I have a HP DL380G10 server running Windows 2016. In the last few days, HP's Agentless Management Services started to initiate system shutdown with the following message:
Description of Event ID 521, IML Class Code 2, Event Code 19: System
Overheating (Temperature Sensor 30, Location I/O Board, Temperature
127) Check fans, processor heat sink and air baffles installation.
At the same time, system fans start to run at maximum for 5-10seconds, very noisy until shutdown. These overheating events also happen while I am accessing BIOS, so I don't believe it is system related. While in BIOS, fans max out every five minutes or so, run at max for 10 seconds and then return to their normal level. System does not turn off when in BIOS. If I monitor all temps via ILO, then there is no spiking in the temperature during these events.

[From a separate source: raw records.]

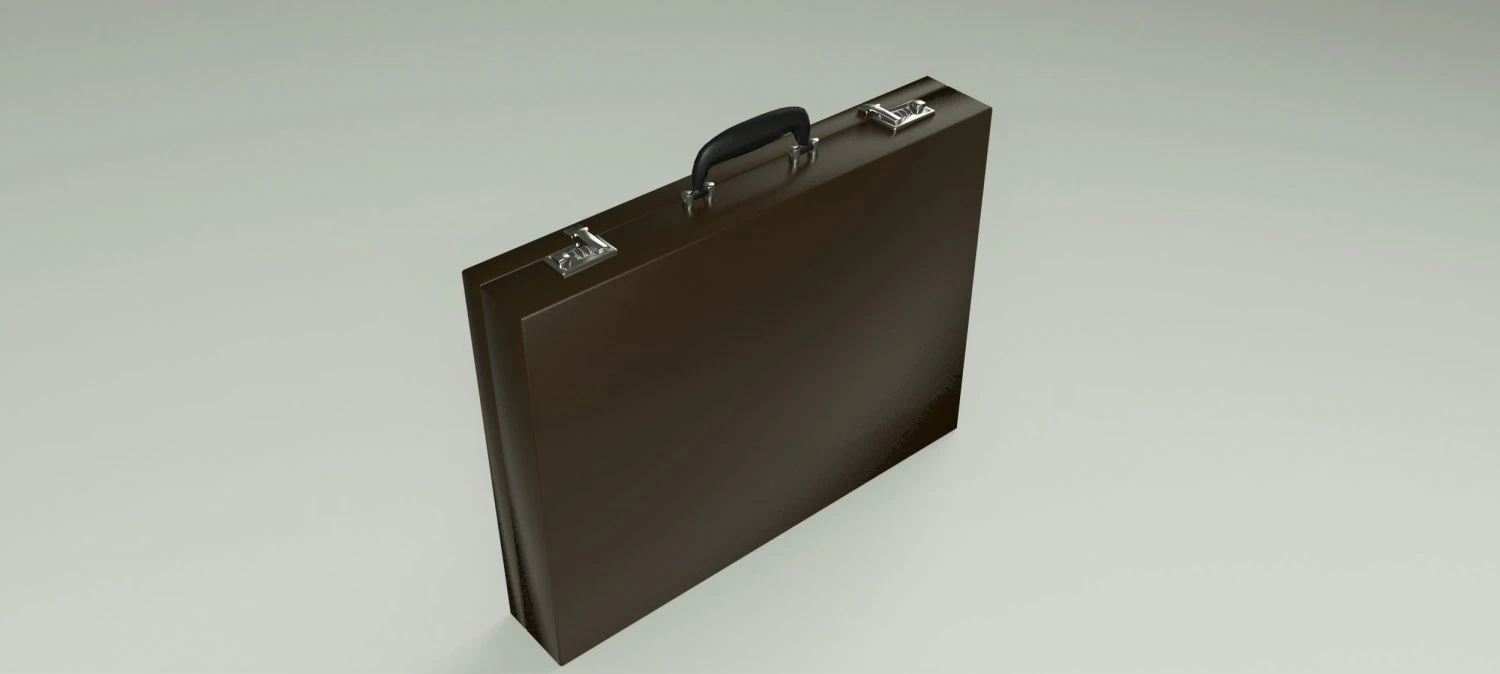 briefcase 1 3D Model .c4d .max .obj .3ds .fbx .stl .blend 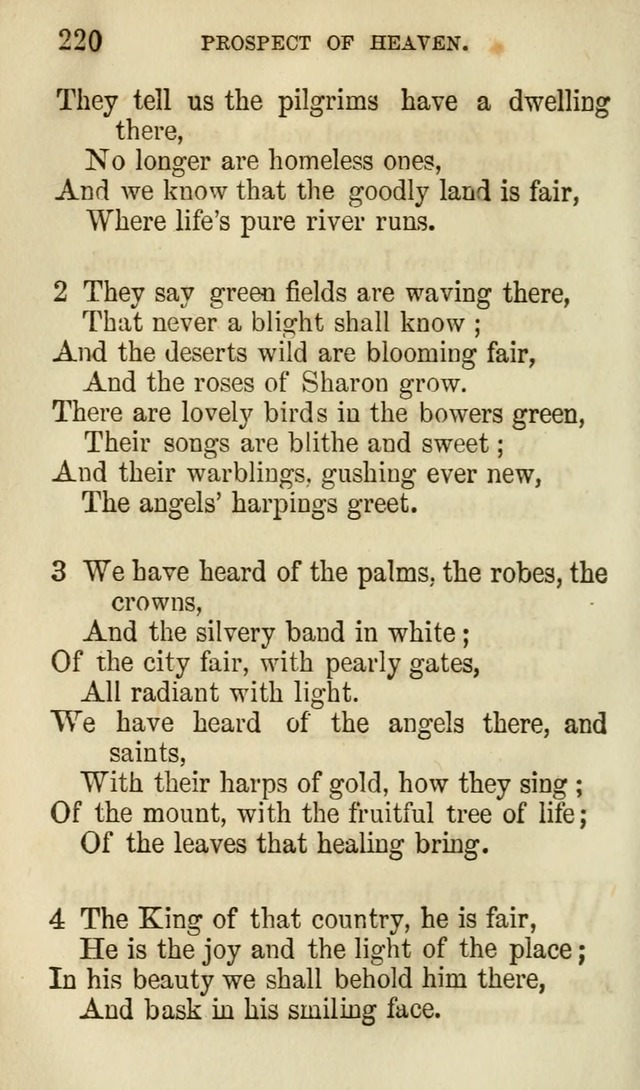 The Chorus: or, a collection of choruses and hymns, selected and original, adapted especially to the class-room, and to meetings for prayer and Christian conference (7th ed., Imp. and Enl.) page 220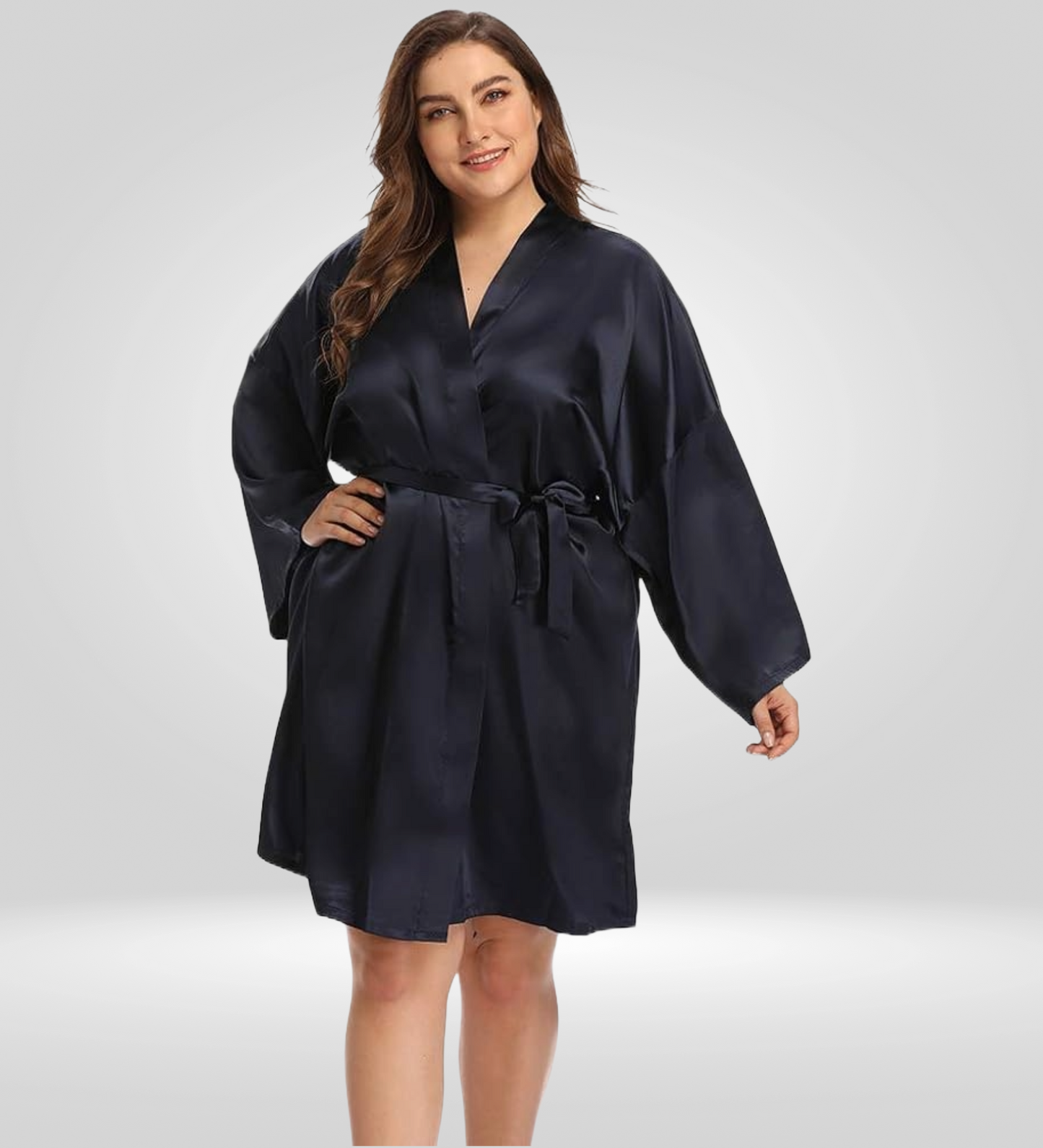 Dressing Robe Plus Size - Bella Babe by SK Nightsuit Nightdress Robes Silk Satin Nighty Gown Nightwear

30-PCI 1 I/O Board 13 13 OK 40C Caution: 100C; Critical:
N/A
31-PCI 1 Zone I/O Board 13 13 OK 35C Caution: 75C;
Critical: 80C
Although ILO does detect something is wrong, as health icon for a brief moment turns red when fans start maxing, there is no change in these readouts. I suspect faulty sensor 30 that maxes out for brief time, thus initiating emergency cooling and shutdown. Is there a way to monitor these temps with higher frequency, close to real time? I also note that readout of all other system temp sensors also do not change substantially when this happens.